Erik Grietens: Vlaanderen is de meest versnipperde regio van Europa. Door die versnippering zijn mensen veel meer afhankelijk van hun auto om ergens te raken. Het verkeer zorgt dan weer voor de uitstoot van verzurende stoffen en ook heel wat geluidsoverlast. In Vlaanderen heeft één inwoner op de drie last van te veel lawaai.

Nog een gevolg: door de versnippering wordt de aanleg van rioleringen stilaan onbetaalbaar. We betalen dus het gebrek aan ruimtelijke ordening cash terug aan rioleringen en aan gezondheid.

Het huidige Ruimtelijk Structuurplan Vlaanderen moest daar net iets aan doen. Heeft het plan dan niet gewerkt?

Grietens: Dat plan betekende een heel belangrijke vernieuwing, en in het begin werkte het ook goed. Alleen hebben de twee vorige Vlaamse regeringen systematisch projecten goedgekeurd die ingingen tegen de krachtlijnen van het plan. Bovendien besliste de vorige regering dat het plan moet worden herzien. In eerste instantie komt er een beperkte herziening, later een grondige. Maar als je dan de plannen voor die beperkte herziening bekijkt, merk je dat de overheid daarmee blijkbaar vooral omstreden projecten wil doordrukken. Bijvoorbeeld: de geplande logistieke zone aan de A12 in Meise-Westrode. Het Structuurplan zegt dat er een bundeling moet zijn van activiteiten in economische knooppunten, om de mobiliteitsstromen onder controle te kunnen houden. Het plan zegt ook duidelijk dat nieuwe economische activiteiten niet kunnen in een buitengebied zoals Meise. Enkele bewoners trokken naar de Raad van State en kregen daar gelijk. Wat doet de overheid dan? In de herzieningsplannen kleuren ze Meise in als ‘bijzonder economisch knooppunt’. Probleem opgelost.

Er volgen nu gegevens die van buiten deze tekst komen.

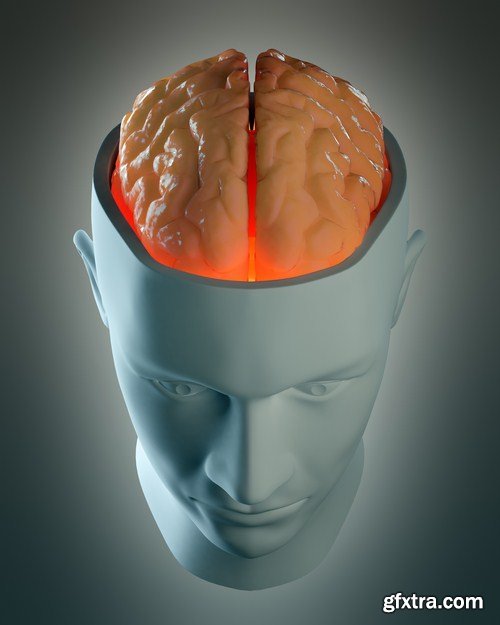 3D Human Head - 25 HQ Images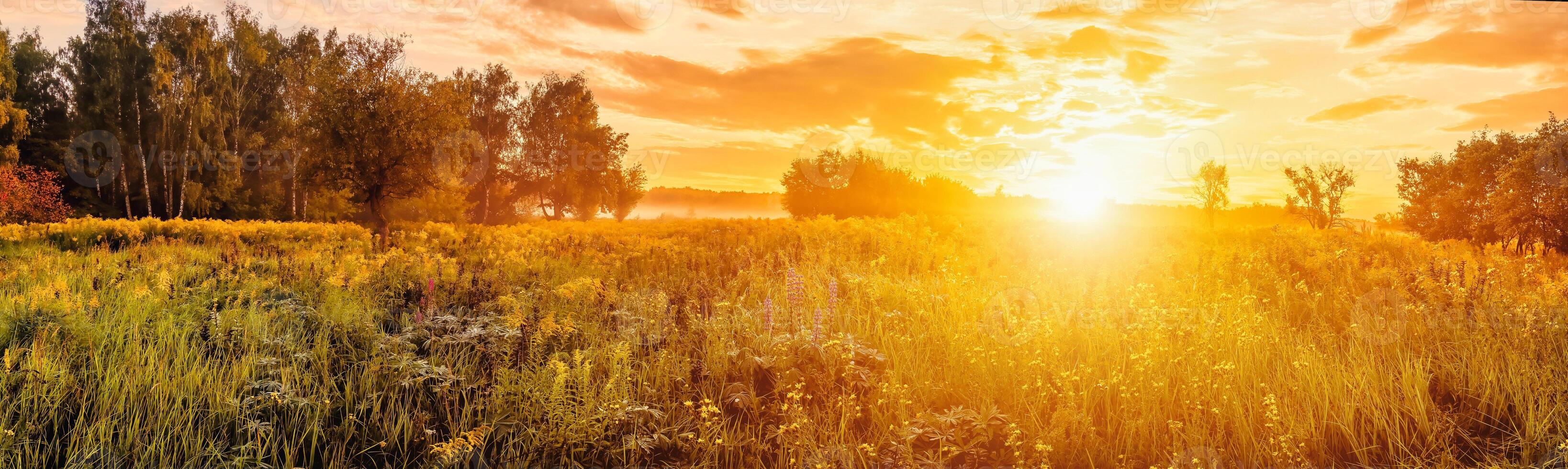 Sunrise on a field covered with wild flowers in summer season with fog and trees on a background in morning. photo
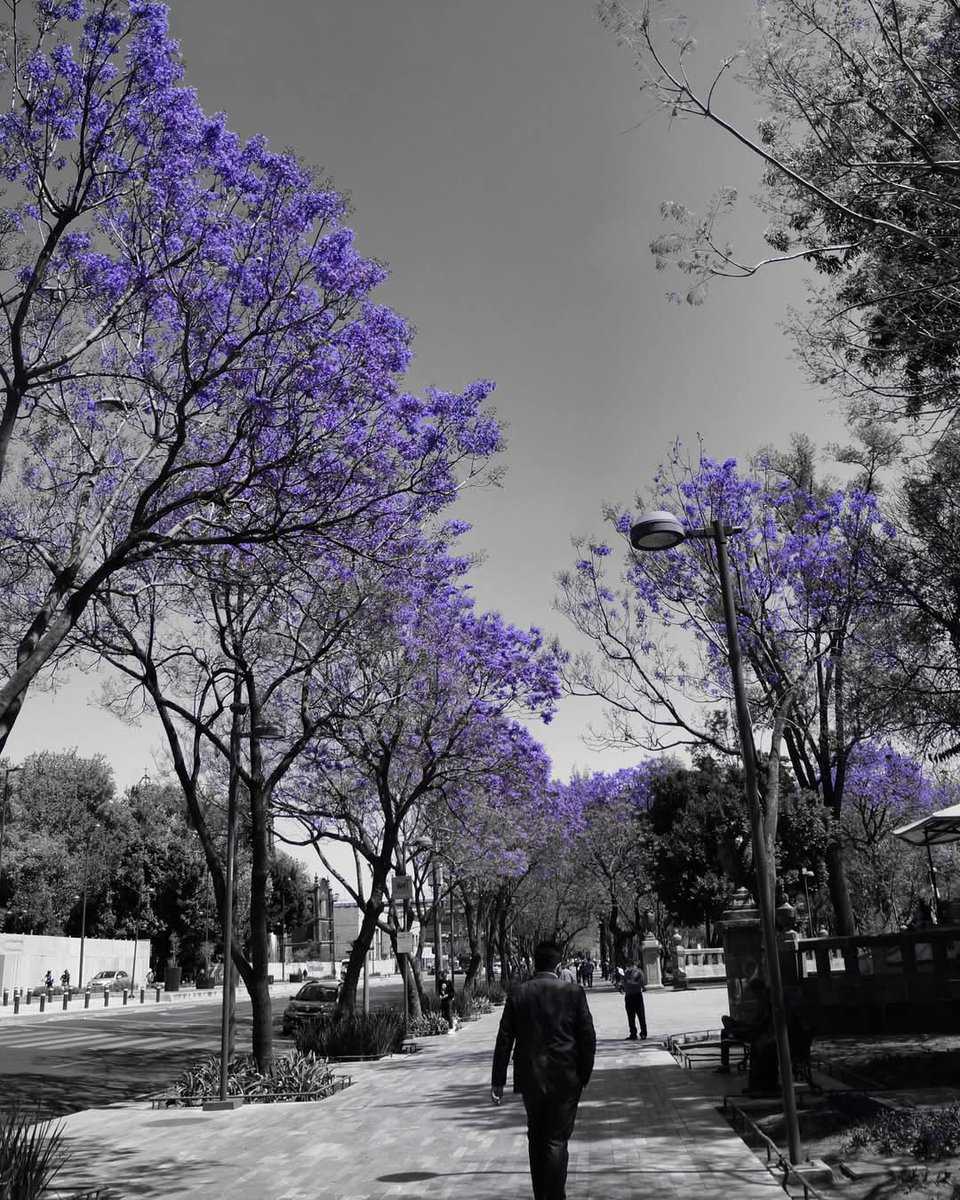 Alameda Central 🪻🪻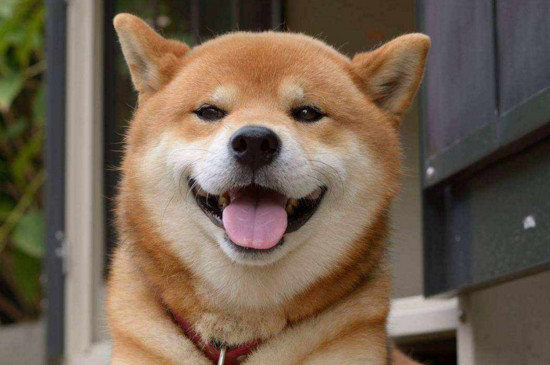 秋田犬和柴犬哪个好，秋田性情更好柴犬很少人养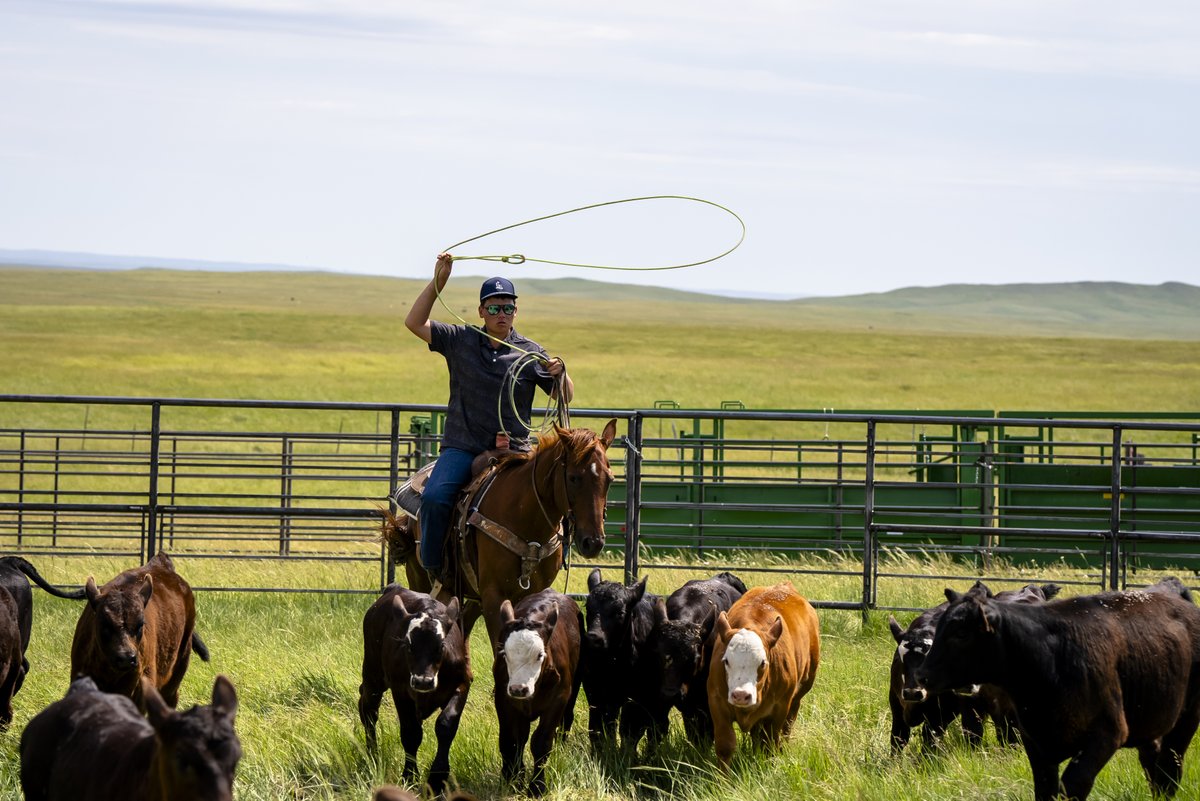 Stewardship has been at the heart of Indian Country since time immemorial &amp; the 2022 Ag Census revealed Tribal producers are reclaiming stewardship of land each year. American Indian/Alaska Native producers farmed or ranched 63.3 million acres of land in 2022. 

#TribalAg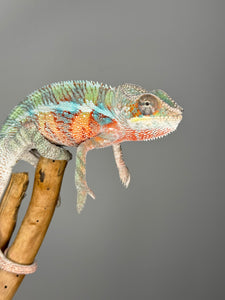 AMBILOBE Panther Chameleon male: (E7)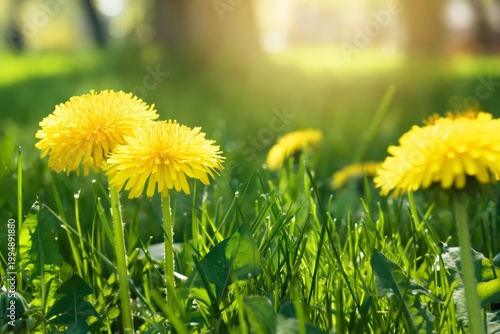 Bright Yellow Dandelions Grow in the Grass During a Sunny Afternoon in the Park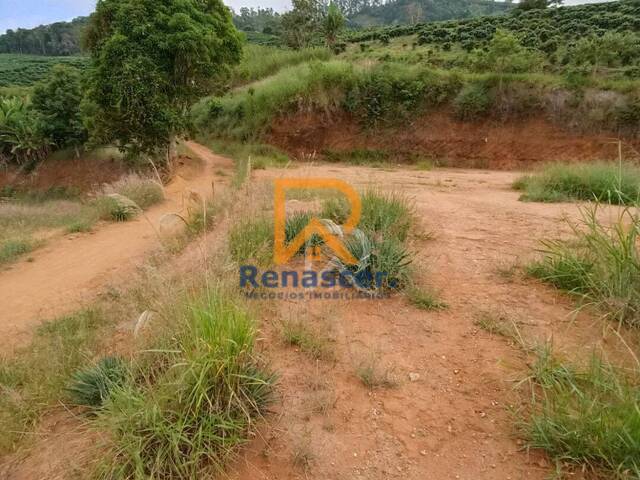 Área para Venda em Manhuaçu - 4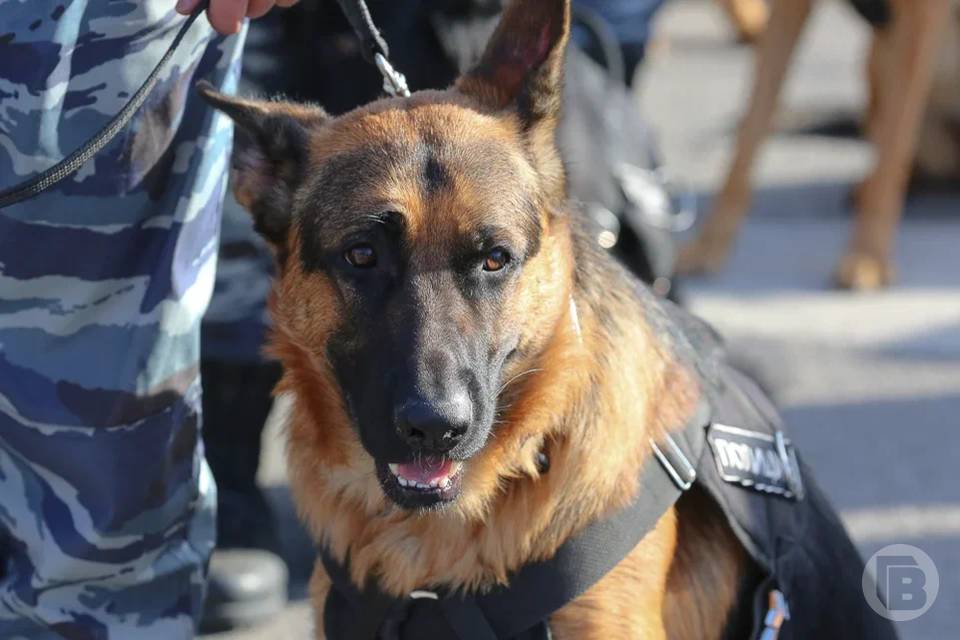 Подросток украл у волгоградца сотовый телефон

Wat zit daar volgens u achter?

Grietens: Druk vanuit het bedrijfsleven. Dat is ervan overtuigd dat er te weinig bedrijfsterreinen zijn. Dat klopt maar gedeeltelijk. Er is wel degelijk nog een groot aanbod aan leegstaande terreinen. Enerzijds vervuilde terreinen die nog gesaneerd moeten worden, anderzijds ook terreinen die eigendom zijn van bestaande bedrijven maar die er niets mee doen. Met andere woorden, die terreinen komen niet altijd op de markt. Maar in plaats van te proberen die bestaande sites te benutten, legt de overheid gewoon nieuwe aan. Dat is veel makkelijker, en ook goedkoper. Alleen heeft dat grote gevolgen voor de ruimtelijke ordening, en dus ook voor het milieu.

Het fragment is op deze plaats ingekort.